### TASK DETAILS:
Up to and including the line holding "Courteney Cox 11oz Metallic Silver Mug", write out the data exactly from its first line, but not the pictures.

----- DATASET RECORDS

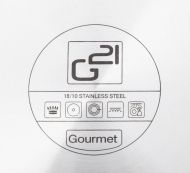 Hrnec G21 Gourmet Miracle s cedníkem a poklicí, nerez/greblon -  28 cm
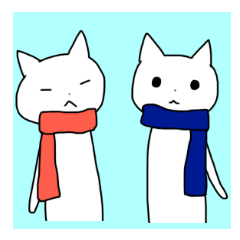 Winter Event Cat Sticker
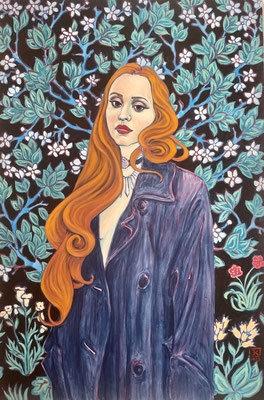 Scarlett, 2023, Acrylic on canvas, 120x80cm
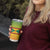 Grenada Tribal Floral Pattern Tumbler Cup with Rasta Gradient and Flame Motto Design - Wonder Print Shop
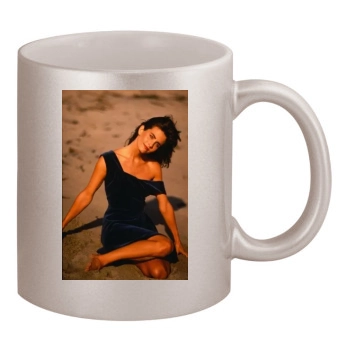 Courteney Cox 11oz Metallic Silver Mug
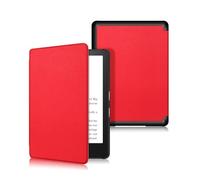 kuaijiexiaopu Printed Slim Case TPU Leather Cover compatible with Amazon Kindle Paperwhite 5 11th Gen 2021(Red)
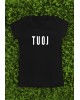 Marškinėliai su užrašu "TUOJ"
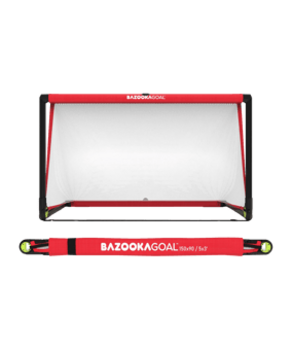 Bazookagoal Teleskoptor | 150x90cm | Rot Weiss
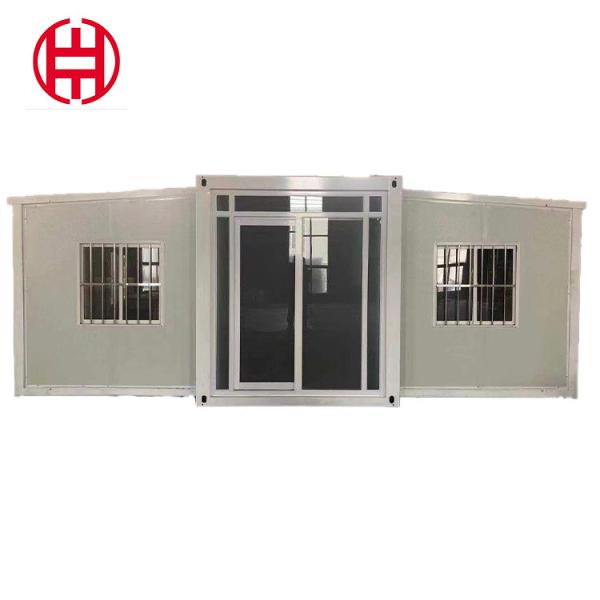 Vila pré-fabricada de aço 2 quartos Container moderno Casa expansível com suporte online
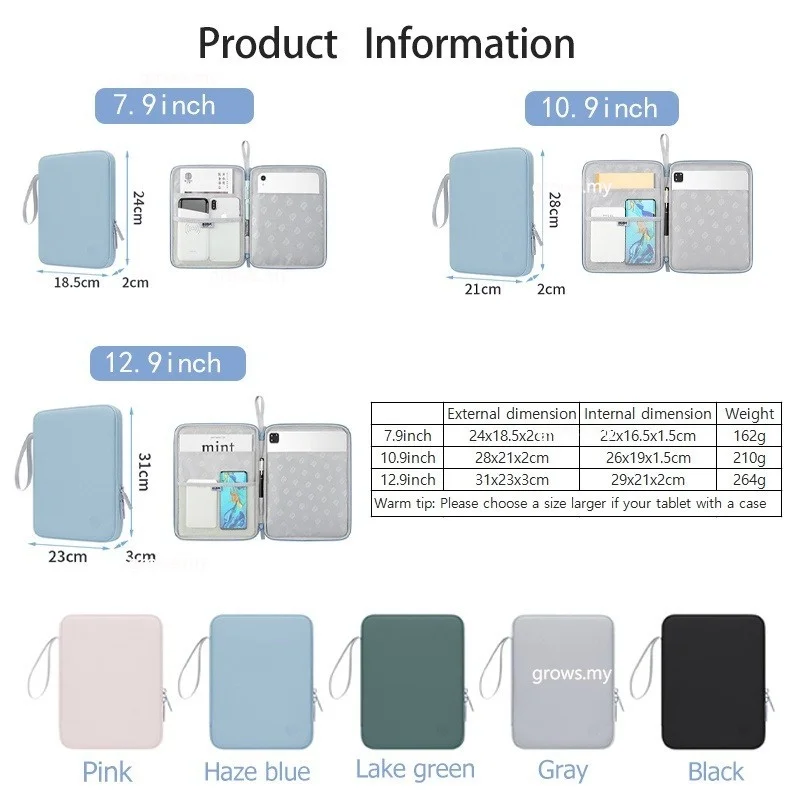 PU Leather Bag 8-13.3 inch For Chuwi UBook X 2023 12 Hi10 XPro 10.1 UBook XPro 2023 13 Hi10 X HiPad Plus X Shockproof Pouch Bags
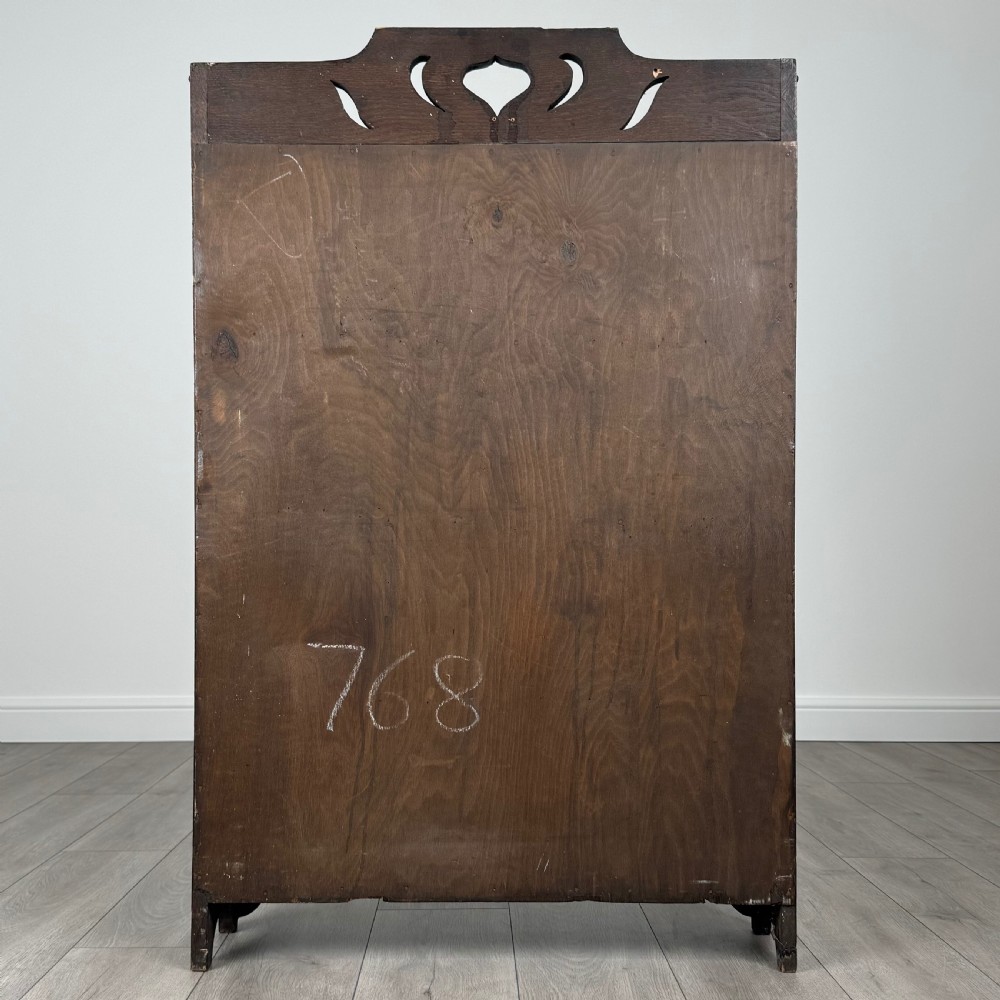 Antique 20th Century Small Arts And Crafts Bookcase In Oak  View V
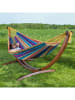 Vivereeurope Hängematte mit Gestell in Braun/ Bunt - (B)259 x (H)104 x (T)119 cm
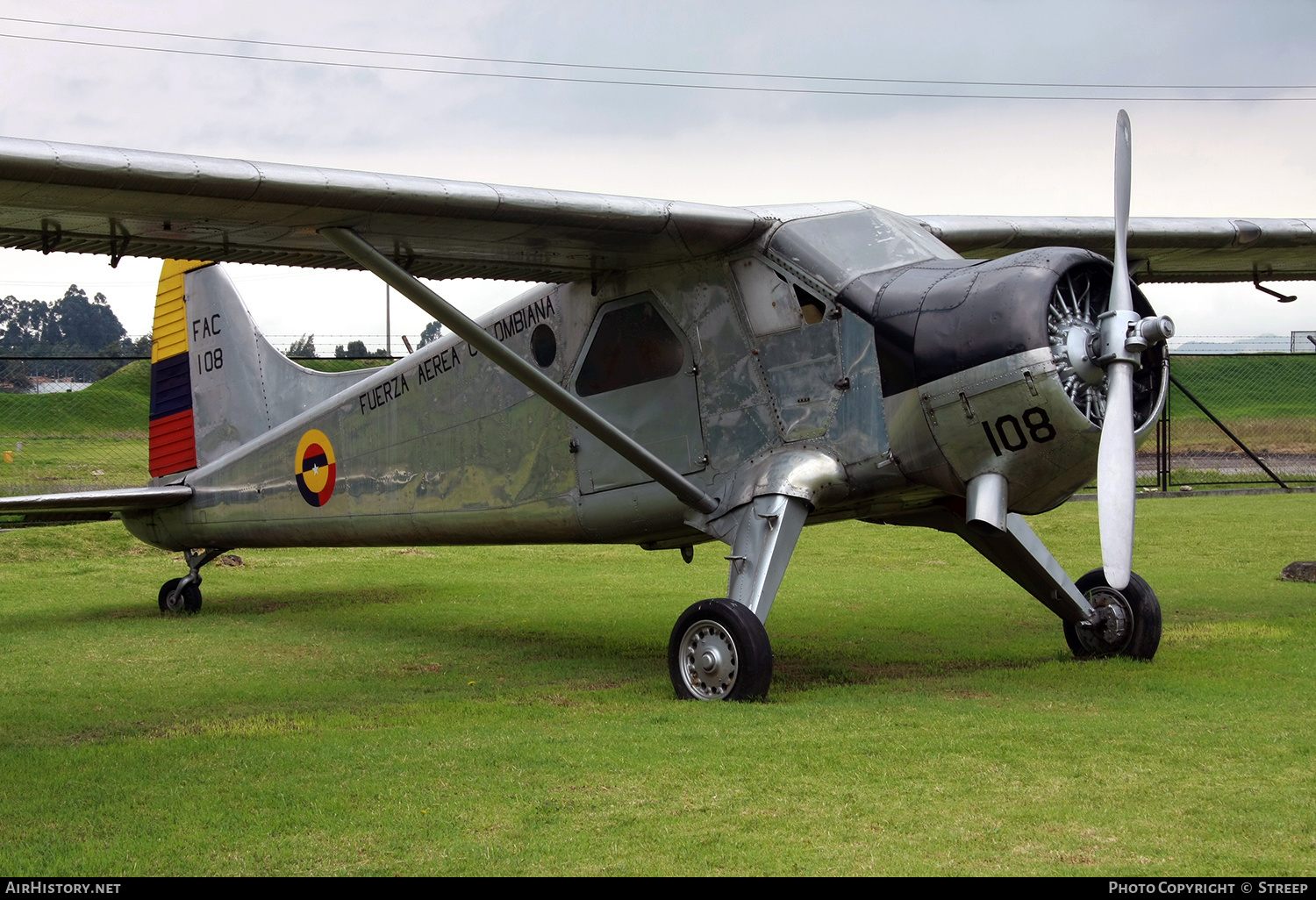 Aircraft Photo of FAC-108 | De Havilland Canada DHC-2 Beaver Mk.1 | Colombia - Air Force | AirHistory.net #148761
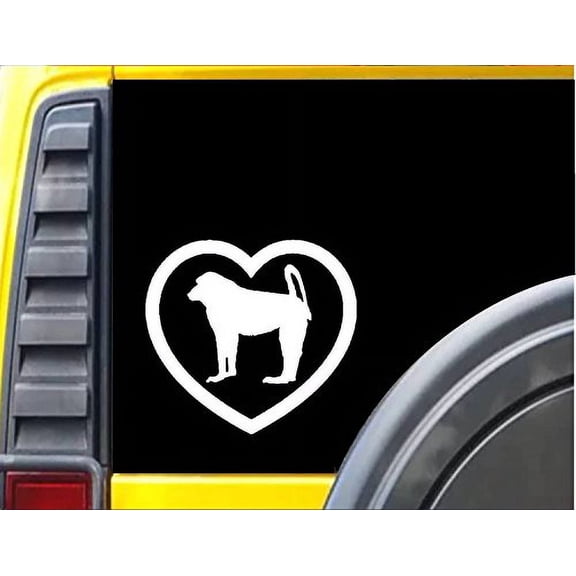 Baboon Heart *J545* 6" Decal Sticker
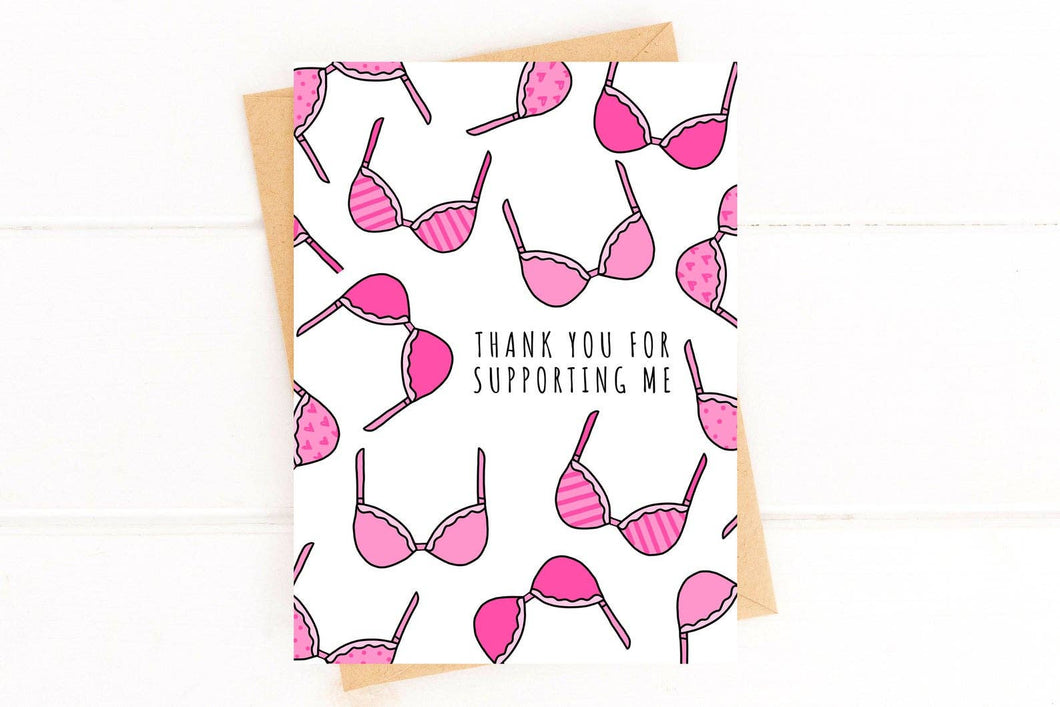 Bra Breast Cancer Support Card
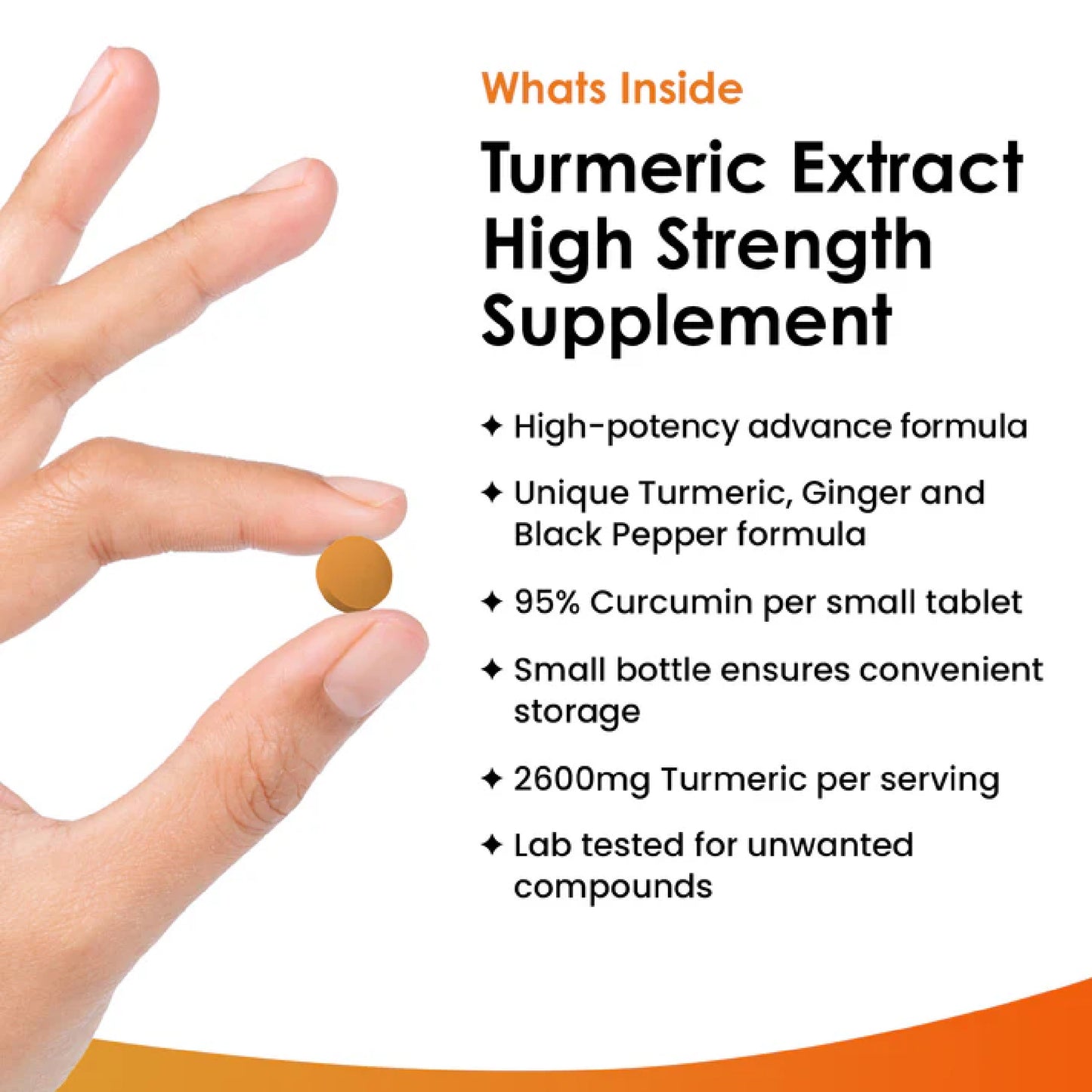 Turmeric Tablets – High Strength with Black Pepper for Joint, Inflammation & Immunity Support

----------

### SOLUTION:
 Hrnec G21 Gourmet Miracle s cedníkem a poklicí, nerez/greblon -  28 cm
 Winter Event Cat Sticker
 Scarlett, 2023, Acrylic on canvas, 120x80cm
 Grenada Tribal Floral Pattern Tumbler Cup with Rasta Gradient and Flame Motto Design - Wonder Print Shop
 Courteney Cox 11oz Metallic Silver Mug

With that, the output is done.